Ohne die Fans der Sommerhitze enttäuschen zu wollen: Weihnachten kommt schneller, als einem lieb ist. Und dann braucht man wieder ein Geschenk für Oma und Opa. Was tun? Die meisten werden ihre Großeltern nicht so gut kennen, um sofort eine kreative Idee für ein persönliches Geschenk zu haben. Und auch keine Zeit, um eines mit viel Liebe zu basteln. Aber eine schöne Geste möchte man den Guten schon machen, das sagt einem zumindest das Gewissen. Und egal, wie altmodisch große Warenhäuser sein mögen - dass sie praktisch sind, kann ihnen keiner absprechen. Man kann solange bei Online-Händlern Suchergebnisse filtern wie man will und nachts um zwei aus Verzweiflung irgendetwas Beliebiges im virtuellen Warenkorb ansammeln - am Ende ist es immer der physische Gang in den Laden, der in solchen Situationen am besten hilft.

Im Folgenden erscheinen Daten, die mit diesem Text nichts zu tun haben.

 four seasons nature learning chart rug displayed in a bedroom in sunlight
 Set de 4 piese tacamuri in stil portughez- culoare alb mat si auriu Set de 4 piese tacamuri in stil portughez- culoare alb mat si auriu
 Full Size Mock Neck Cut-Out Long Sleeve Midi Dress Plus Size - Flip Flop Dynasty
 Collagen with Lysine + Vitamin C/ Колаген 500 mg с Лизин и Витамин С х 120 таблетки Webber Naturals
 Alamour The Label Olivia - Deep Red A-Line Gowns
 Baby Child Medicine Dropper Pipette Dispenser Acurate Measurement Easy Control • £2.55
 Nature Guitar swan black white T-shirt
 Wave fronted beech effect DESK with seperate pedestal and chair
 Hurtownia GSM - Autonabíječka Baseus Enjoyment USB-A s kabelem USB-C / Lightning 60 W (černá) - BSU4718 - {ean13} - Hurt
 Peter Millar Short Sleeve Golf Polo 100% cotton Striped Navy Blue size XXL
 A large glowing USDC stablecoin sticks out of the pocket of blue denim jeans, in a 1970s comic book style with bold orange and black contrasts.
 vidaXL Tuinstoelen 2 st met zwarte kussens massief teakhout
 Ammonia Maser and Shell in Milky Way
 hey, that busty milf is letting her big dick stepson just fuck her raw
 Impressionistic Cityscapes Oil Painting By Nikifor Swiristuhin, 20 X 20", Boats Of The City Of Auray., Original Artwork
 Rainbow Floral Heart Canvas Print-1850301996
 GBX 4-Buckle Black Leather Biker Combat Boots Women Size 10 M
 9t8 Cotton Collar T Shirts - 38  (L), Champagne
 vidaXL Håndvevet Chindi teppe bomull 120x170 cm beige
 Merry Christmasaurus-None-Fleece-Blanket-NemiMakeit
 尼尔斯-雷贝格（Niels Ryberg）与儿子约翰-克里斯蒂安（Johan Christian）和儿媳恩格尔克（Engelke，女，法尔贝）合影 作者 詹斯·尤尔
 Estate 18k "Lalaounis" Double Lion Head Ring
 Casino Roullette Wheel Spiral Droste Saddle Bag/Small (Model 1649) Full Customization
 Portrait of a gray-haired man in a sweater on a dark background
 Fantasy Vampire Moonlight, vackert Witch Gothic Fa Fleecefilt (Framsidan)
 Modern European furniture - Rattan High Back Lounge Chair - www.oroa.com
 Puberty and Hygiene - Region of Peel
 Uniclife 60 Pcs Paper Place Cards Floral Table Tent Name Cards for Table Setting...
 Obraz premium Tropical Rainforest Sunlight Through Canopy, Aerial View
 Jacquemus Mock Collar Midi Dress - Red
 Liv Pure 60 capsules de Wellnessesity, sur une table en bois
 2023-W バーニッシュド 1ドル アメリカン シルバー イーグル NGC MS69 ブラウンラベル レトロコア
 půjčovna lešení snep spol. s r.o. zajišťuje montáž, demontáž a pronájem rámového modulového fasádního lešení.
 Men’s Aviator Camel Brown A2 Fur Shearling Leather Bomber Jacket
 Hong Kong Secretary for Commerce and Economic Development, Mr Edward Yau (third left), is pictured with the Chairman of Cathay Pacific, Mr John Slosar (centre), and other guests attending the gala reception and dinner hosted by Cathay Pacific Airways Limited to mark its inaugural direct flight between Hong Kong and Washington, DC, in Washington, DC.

Dort finden sich Topflappen und Handtücher, Vasen und Pfannenwender - ja, natürlich, das sind auch keine Geschenk-Revolutionen. Aber mal ehrlich: Jeder braucht doch mal etwas Neues im Haushalt. Der materielle Auftritt auf dem Warentisch lädt diese Objekte mit dem richtigen Lebensgefühl auf. Wie wird Opa diese Zitronenpresse wohl aus dem Schrank holen? In dem Moment, in dem man vor ihr steht und sie in die Hand nimmt, entsteht ein einmaliges Erlebnis: Entscheidung gefällt! Die vielen wertvollen Stunden vor dem Bildschirm verkürzt, gleichzeitig die Treffsicherheit optimiert und die besonders um die Weihnachtszeit herum strapazierten Nerven geschont. Denn verpacken lässt sich der Topflappen direkt ein Stockwerk weiter.